= Doon Castle =

Ruined castle in County Mayo, Ireland

Doon Castle was a fortified dwelling situated on a hill in the townland of the same name, in the parish of Aughagower, approximately four miles from Westport in County Mayo.

==History==
In 1133, Cormac MacCarthy and Conor O'Brien invaded Connaught and plundered much of the country, destroying Dún Mughdhord (Doon Castle) and Dunmore.

The Norman castle of Doon appears to have been built on the site of the old Irish Dún Mughdhord, The castle has almost disappeared. in the townland of Dooncastle.

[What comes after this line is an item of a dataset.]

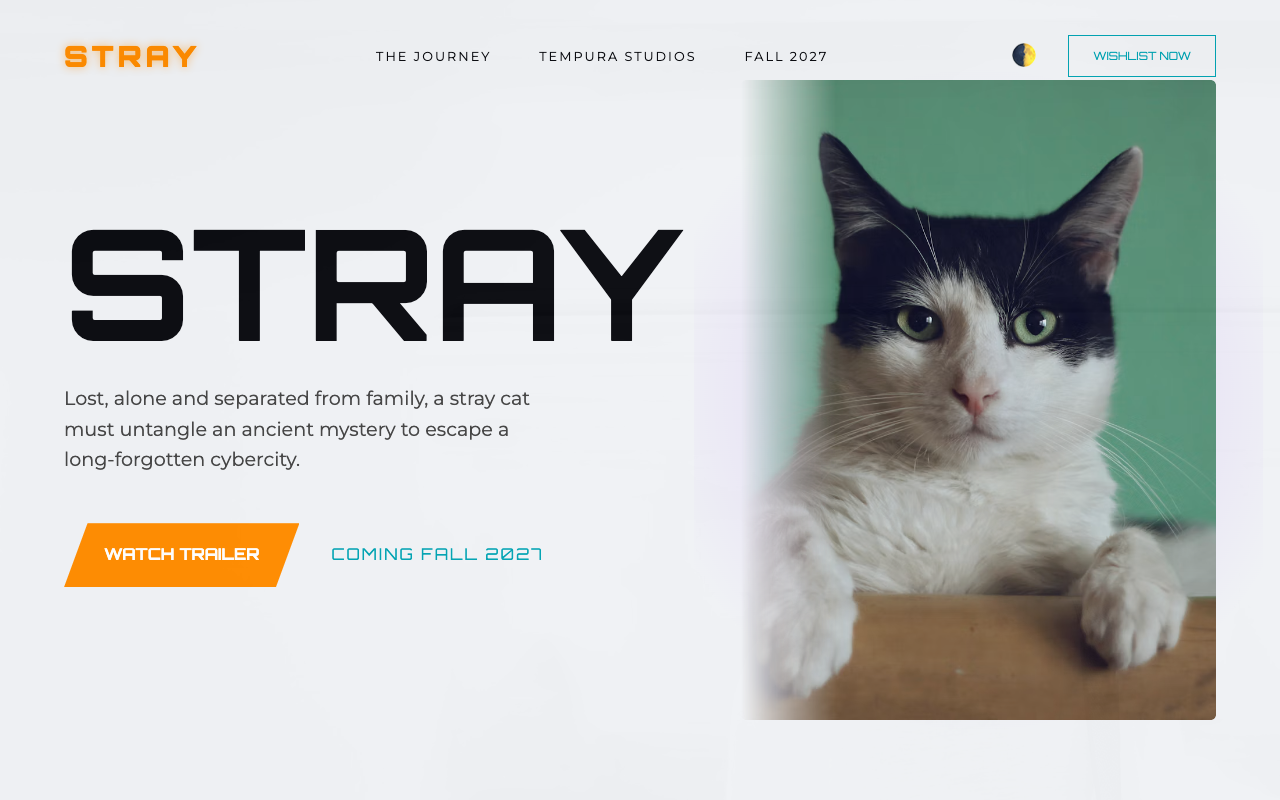 STRAY Product launch template preview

According to local accounts, the stones of the castle were used by Lord Sligo in the building of Westport House.

According to Knox, the MacPhilbins held the castles of Ayle and Aghle and Doon in the Barony of Burrishoole and Bellabourke and the New Castle near Castlebar in the Barony of Carra.

==Situation==
The castle is on a hill 150 feet in height and gave excellent views to the northeast to Islandeady and Aille, where the other McPhilpin castles were. The space on the hill is in the shape of an ellipse 40-60 yards x 20 yards. The castle was rectangular and measured about 40 feet x 27 feet. The space between the main castle and the outer fortifications was not great.